**Description of the task**.
Each line of the data must be given back verbatim, with pictures removed.

Stored dataset items
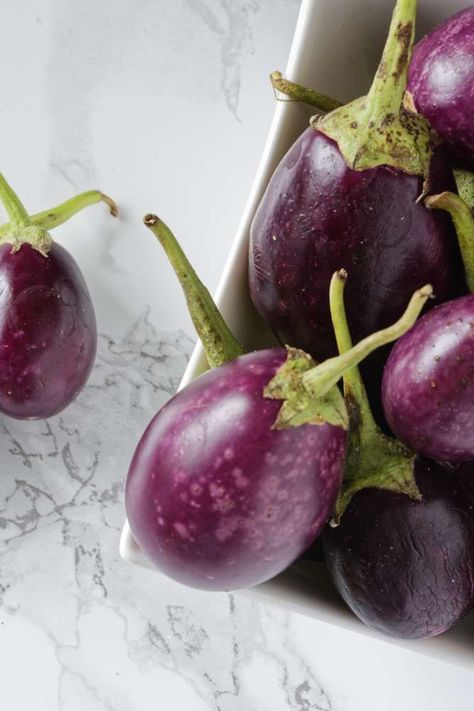 Eggplant is sensitive to temperature, so it's important to learn how to store it properly. See how to store eggplant at room temperature and in the fridge, plus the right way to freeze it. #foodhacks #kitchenhacks #lifehacks #marthastewart #recipehacks How To Store Eggplant, Entertaining Dinner, July Holidays, Wedding Party Planning, Container Gardening Flowers, Eggplant Recipes, Holiday Planning, Holiday Entertaining, Breakfast Brunch Recipes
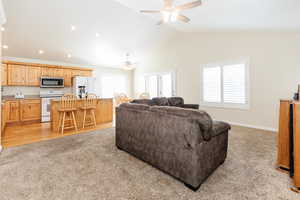 Living area featuring light carpet, high vaulted ceiling, recessed lighting, and a ceiling fan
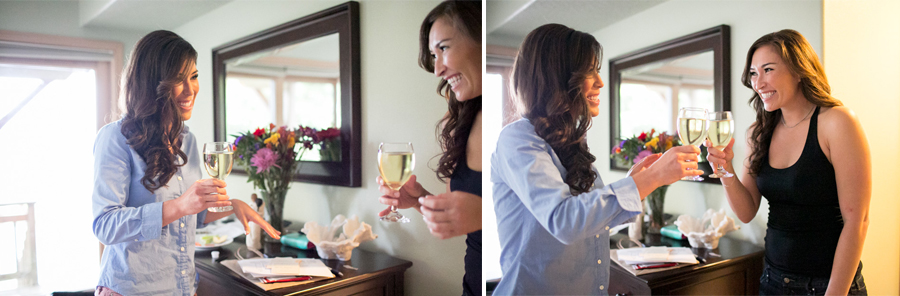 Two women standing indoors smile and toast with glasses of white wine near a dresser with flowers and papers on it. Jessica Hill Photography - Wedding Photographer - Oregon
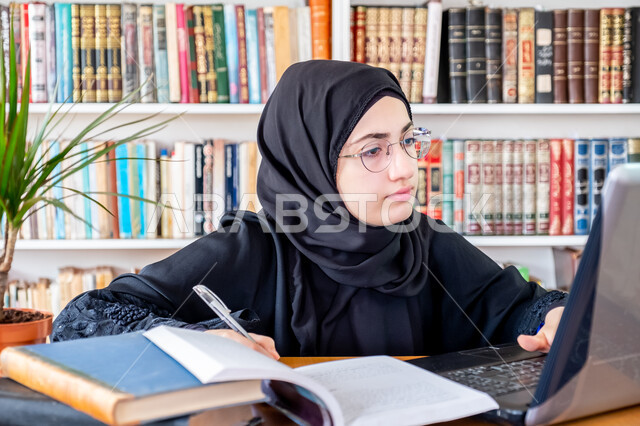 المناهج والمواد التعليمية في السعودية، مفهوم الثقافة والتعلم الذاتي , صورة مقربة لشابة عربية خليجية سعودية محجبة مبتسمة ترتدي عباءة سوداء تقوم بمتابعة الدراسة عبر الحاسب، استخدام الأجهزة التقنية الحديثة لحضور المحاضرات الجامعية، التعليم عن بعد عن طريق الانترنت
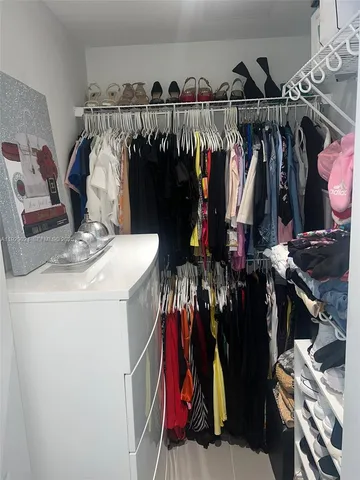 a view of walk in closet with clothes and shoes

**Result below**.
 Eggplant is sensitive to temperature, so it's important to learn how to store it properly. See how to store eggplant at room temperature and in the fridge, plus the right way to freeze it. #foodhacks #kitchenhacks #lifehacks #marthastewart #recipehacks How To Store Eggplant, Entertaining Dinner, July Holidays, Wedding Party Planning, Container Gardening Flowers, Eggplant Recipes, Holiday Planning, Holiday Entertaining, Breakfast Brunch Recipes
 Living area featuring light carpet, high vaulted ceiling, recessed lighting, and a ceiling fan
 Two women standing indoors smile and toast with glasses of white wine near a dresser with flowers and papers on it. Jessica Hill Photography - Wedding Photographer - Oregon
 المناهج والمواد التعليمية في السعودية، مفهوم الثقافة والتعلم الذاتي , صورة مقربة لشابة عربية خليجية سعودية محجبة مبتسمة ترتدي عباءة سوداء تقوم بمتابعة الدراسة عبر الحاسب، استخدام الأجهزة التقنية الحديثة لحضور المحاضرات الجامعية، التعليم عن بعد عن طريق الانترنت
 a view of walk in closet with clothes and shoes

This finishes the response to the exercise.